Jonathan Glenn

Personal information
- Full name: Jonathan Ricardo Glenn
- Date of birth: 27 August 1987 (age 37)
- Place of birth: Trinidad and Tobago
- Height: 1.85 m (6 ft 1 in)
- Position(s): Forward

College career
- Years: Team / Apps / (Gls)
- 2007–2010: Saint Leo University / 60 / (41)

Senior career*
- Years: Team / Apps / (Gls)
- 2010–2011: Vermont Voltage / 20 / (5)
- 2012–2013: Jacksonville United
- 2014–2016: ÍBV / 32 / (16)
- 2015–2016: → Breiðablik / 23 / (9)
- 2017: Jacksonville Armada / 14 / (1)
- 2017: North Carolina / 7 / (1)
- 2018: Fylkir / 13 / (6)
- 2019–2020: ÍBV / 26 / (4)

International career
- 2014–2016: Trinidad and Tobago / 6 / (1)

Managerial career
- 2022: ÍBV
- 2023–2024: Keflavík

= Jonathan Glenn =

Trinidadian footballer (born 1987)

Jonathan Ricardo Glenn (born 27 August 1987) is a Trinidad and Tobago football coach and former player. He played college football for Saint Leo University in the United States before going on a decade long professional career. At international level, he made six appearances for the Trinidad and Tobago national team scoring once.

==Early life==
Glenn was raised in Maloney Gardens, Tunapuna–Piarco, Trinidad. He attended St. Anthony's College in Diego Martin before moving to the United States to play at Saint Leo University in Florida, where he studied psychology and marketing.

==Playing career==
===College===
In his freshman season at Saint Leo in 2007, Glenn scored 14 goals in 13 matches, ranking fourth in NCAA Division II in goals per match. He received the Sunshine State Conference Freshman of the Year award, and was named a Second Team All-SSC selection, and along with a National Soccer Coaches Association of America (NSCAA)/Adidas All-South Region Second Team award. In 2008, following his sophomore season, he again received Second Team All-SCC and NSCAA/Adidas All-South Region Second Team honours. After scoring 9 goals in 15 games in his junior season, including his first career hat trick in a game against Georgia Southwestern State University, Glenn once again was named to the All-SSC Second Team, and to the Daktronics NCAA Division II All-South Region Second Team. Glenn finished his career at Saint Leo in 2010, and in his senior season he was named to the SSC All-Conference Team, and to the CoSIDA Academic All-District Team. In total, he scored 41 goals across 57 matches in his college career, which was then fifth highest in Saint Leo history.

===Club===
Glenn began his club career while still at Saint Leo in 2008 with the Panama City Beach Pirates of the USL Premier Development League, where he played in 5 matches without scoring a goal. He returned to the PDL in 2010, playing for the Vermont Voltage, scoring 5 goals in 20 matches across his two seasons with the club. He then moved to Jacksonville United FC of the National Premier Soccer League, where he was named to the All-Conference team in the Sunshine Conference in 2012.

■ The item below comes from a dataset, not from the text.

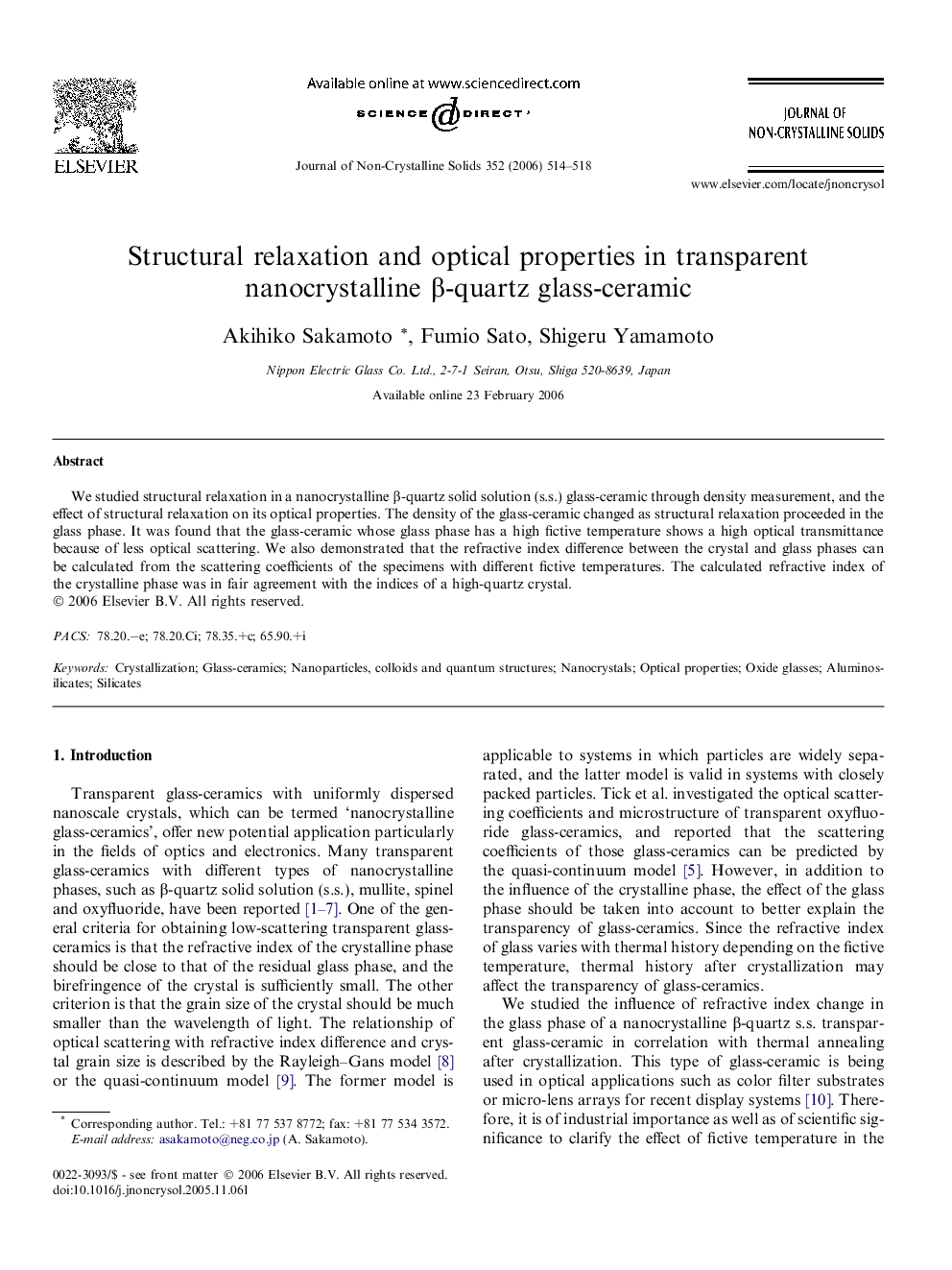 Structural relaxation and optical properties in transparent nanocrystalline β-quartz glass-ceramic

In February 2014, Glenn moved to Iceland, when he signed for ÍBV of the Úrvalsdeild. He had a successful first season in Iceland, scoring 12 goals in 20 matches, second-most in the league. He received ÍBV's Golden Boot, along with the club's Player of the Year award.

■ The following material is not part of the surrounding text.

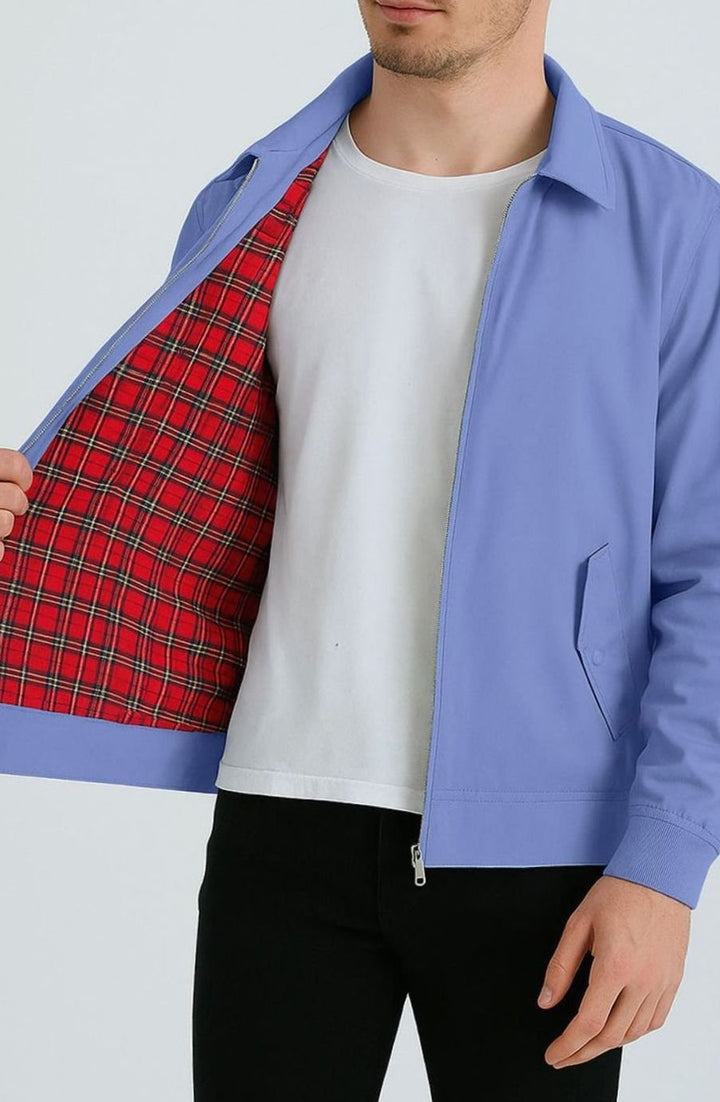 Men's Tartan-Lined Zip-Up Harrington Bomber Jacket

On 28 July 2017, Glenn moved to North Carolina FC alongside teammate Danny Barrow in exchange for Brian Shriver who went to Jacksonville Armada.

In November 2022, he retired from professional football.

===International===
After his first season with ÍBV, Glenn was named to the Trinidad and Tobago national team for the 2014 Caribbean Cup. He appeared in two matches in the tournament, coming on as a substitute against Curaçao and Cuba. The Soca Warriors finished runners-up to Jamaica in the tournament.

==Managerial career==
In November 2021, Glenn was hired as the manager of ÍBV women's football team. Despite the team finishing 6th and playing well above expectations, with Glenn being named the best coach of the first half of the season by Fótbolti.net, he was sacked following the season.

He was the manager of Keflavík women's team from 2023 to 2024.

==Personal life==
Glenn is married to footballer Þórhildur Ólafsdóttir.